From: Raz Mathias (razvanma_at_exchange.microsoft.com)
Date: Wed Mar 03 2004 - 17:09:00 PST
This paper presents the PAST system for peer-to-peer file storage. The
system stores whole files on individual nodes, provides a routing method
called Pastry to locate the files, and provides fault tolerance and
performance through replication and caching respectively. The PAST file
system exposes three major API's, Insert, Lookup, and Reclaim.

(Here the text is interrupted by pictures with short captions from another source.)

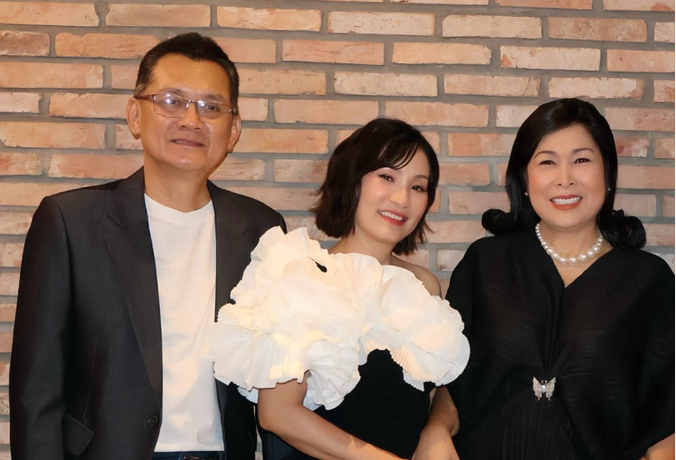 Tình bạn suốt nhiều năm của Hữu Châu, Hồng Vân và Hòng Đào.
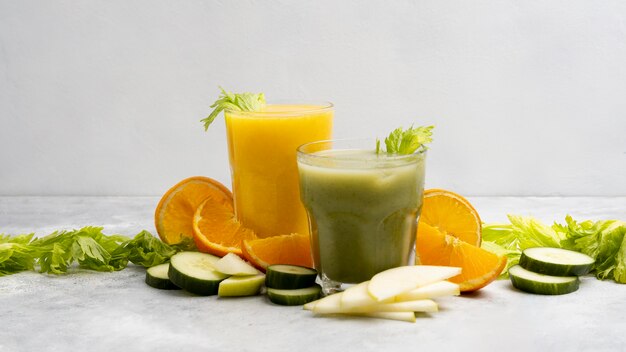 Arrangement with green and orange juices
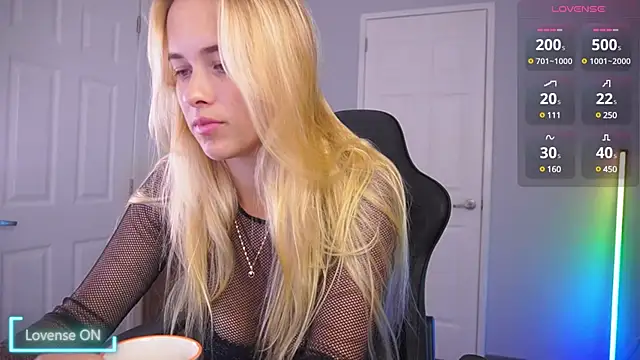 DanikaDillan online show from 01/08/25, 02:14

The central piece of this paper is the Pastry routing algorithm; this
algorithm implements the Lookup operation. The algorithm works by
assigning globally unique identifiers to files and nodes. To locate a
file, we find the node that has the closest matching identifier. Every
node in the network maintains a routing table. Every node has its own
identifier. Every row in the node's table provides a closer and closer
match to that node's identifier (digit by digit). To route a message,
that node looks up the message's identifier and tries to match as many
of the digits as possible using this table. After it has found the
closest next hop in the identifier space, it forwards the request to
that node. The algorithm has a worst-case running time of O(log
number_of_nodes_in_network). File replication is achieved by storing
copies of the file in the k-closest nodes in the ID space. Caching is
achieved by storing the file along the lookup path.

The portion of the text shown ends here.